Il magistrato ha disposto sul corpo di Nicoletta Pajaro l'autopsia in maniera da accertare le esatte cause del decesso. L'incarico è stato affidato a Claudio Terranova, dell'Istituto di medicina legale di Padova. «Non sappiamo ancora l'esito dell'autopsia effettuata ieri mattina – spiega uno dei fratelli, Paride, 34 anni – Siamo ancora in attesa di ricevere qualche dettaglio, qualche parola di spiegazione; noi continuiamo a chiederci il perchè di questa morte, arrivata all'improvviso, cosa può esserle accaduto? Mia sorella aveva solo 45 anni e stava crescendo il suo bambino da sola, avendo perso il marito quando mio nipote non aveva ancora due anni; mio cognato fu ucciso da un tumore».

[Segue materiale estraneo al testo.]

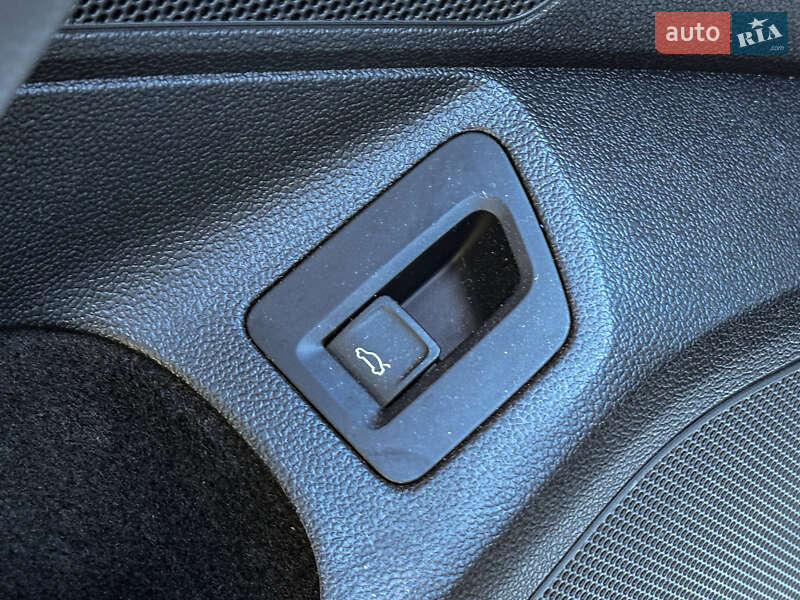 Седан Volkswagen Passat 2016 в Радивиліві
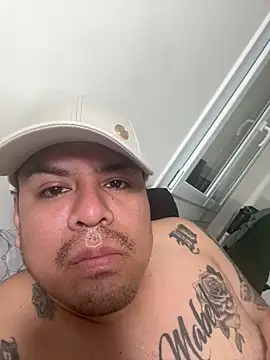 Pelotas2000 online show from November 17, 2025, 3:27 pm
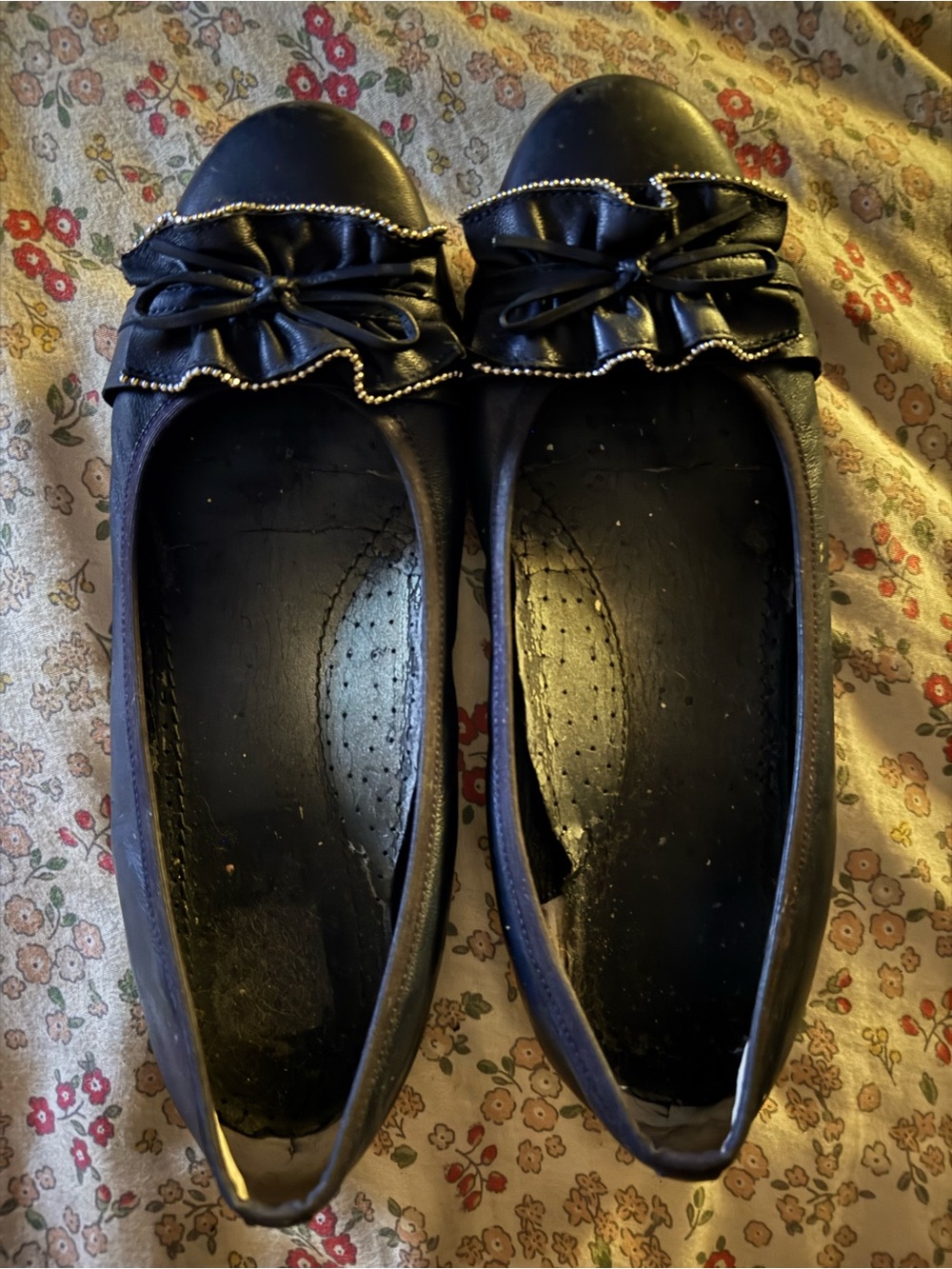 Vaneli Black Bow Ruffle Ballet Flats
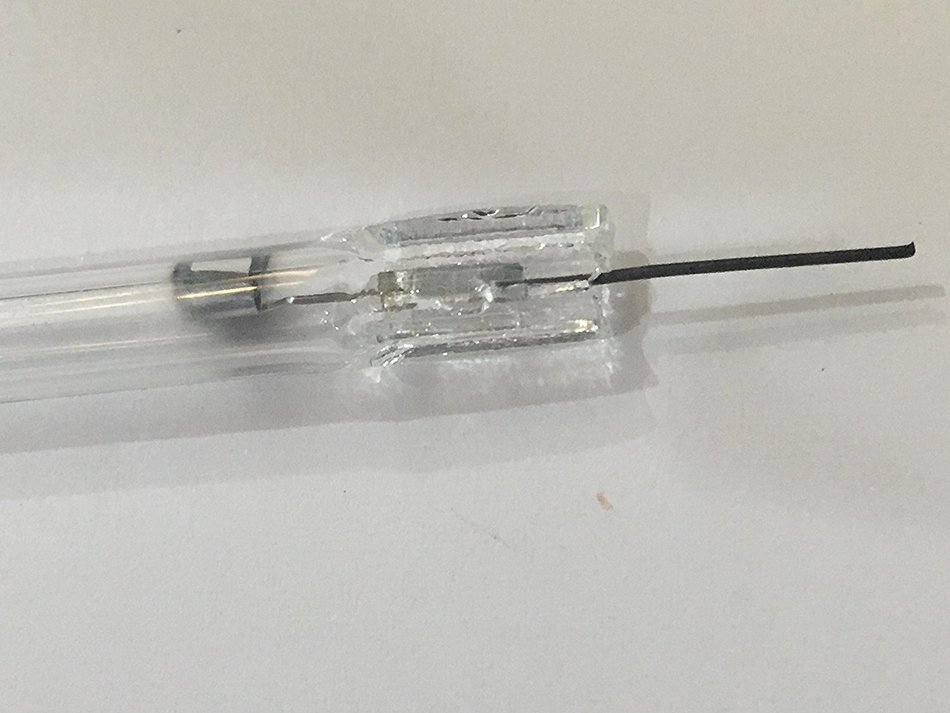 UV germicidal lamp (12V, UVB(275nm） N2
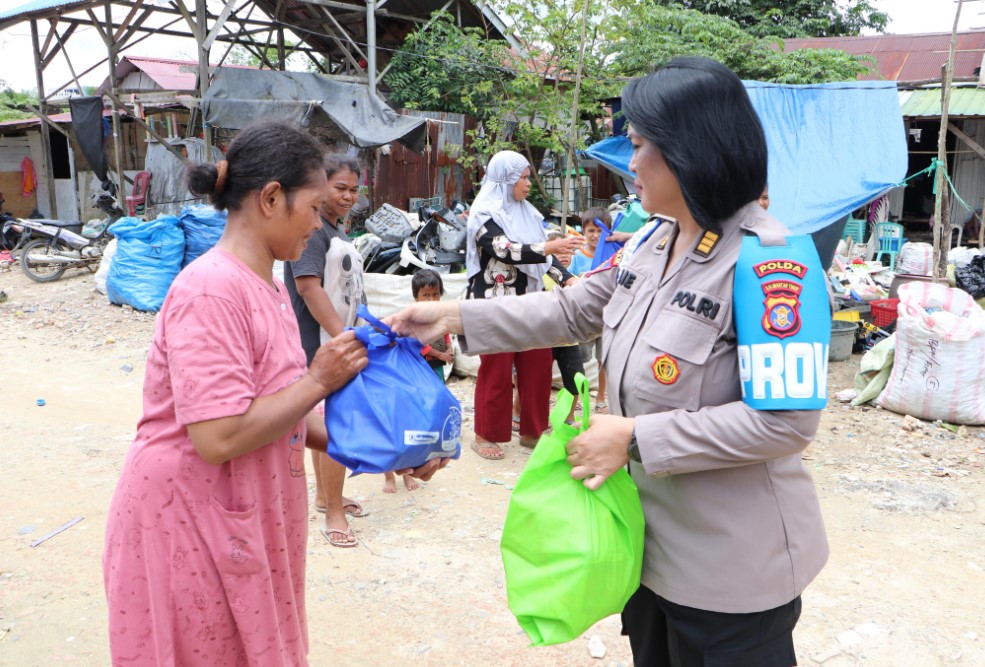 Hari Jadi Ke-22 Tahun, Bid Propam Polda Kaltim Bagikan 100 Paket Sembako 1 propam2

A partire dal 2000, e fino al 2003, Nicoletta gestì il bar Ibrido di San Giorgio delle Pertiche; un'esperienza nel corso della quale si trovò ad affrontare con coraggio due rapinatori che l'avevano aggredita nella sua attività. Decise di abbandonare il lavoro per accudire il bimbo; una lieta notizia, poi il padre si ammalò, in poco tempo fu consumato dal male. Lei seppe reagire, rimanendo vicina al piccolo e prendendosi cura dei genitori. Il fratello la ricorda come «una donna di carattere, energica, di quelle che non mollano mai». (s.b.)